Bislang ist die Rechtsprechung zur Eintrittspflicht von Rechtsschutzversicherern und Prozesskostenhilfe im Hinblick auf den VW Abgasskandal sehr uneinheitlich. Das Landgericht München und das Landgericht Lüneburg hatte sich ebenfalls in 2 Urteilen zugunsten der Verbraucher ausgesprochen. Es existieren aber auch andere Urteile, in denen zugunsten der Vertragspartner (Händler) entschieden wurde, die die vom Abgasskandal betroffenen VW-PKW verkauft hatten.
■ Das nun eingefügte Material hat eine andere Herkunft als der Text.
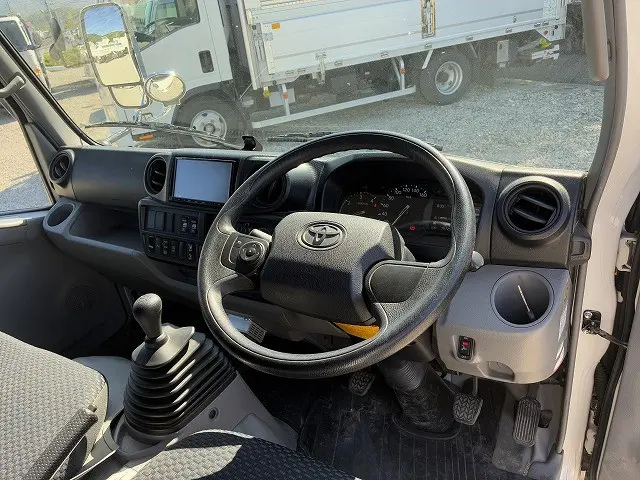 トヨタ ダイナ 2RG-XZU605(2WD)の写真34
Allerdings sind die meisten der erstinstanzlich gesprochenen Urteile bisher noch nicht rechtskräftig.

 

Nochmals zum Kernproblem: man ist sich inzwischen einig, dass die verbaute Software in den vom Abgasskandal betroffenen PKW einen Mangel darstellt. Umstritten ist derzeit noch, ob dieser Mangel erheblich ist und den Käufer zum Rücktritt vom Kaufvertrag ermächtigt. Auch die Frage, ob und in welcher Höhe Minderung des Kaufpreises verlangt werden kann, ist derzeit noch nicht einheitlich beantwortet worden. Gerade deswegen trifft die klagewilligen Käufer der vom Abgasskandal betroffenen VW-Fahrzeuge ein hohes Prozessrisiko und damit ein Kostenrisiko. Andererseits ist im Hinblick auf drohende Verjährung ein Gerichtsprozess schnell anzustreben, um die Frist zu unterbrechen.

 

Betroffenen kann daher nur geraten werden, sich schnell und umfassend für ihren speziellen Fall juristisch beraten zu lassen.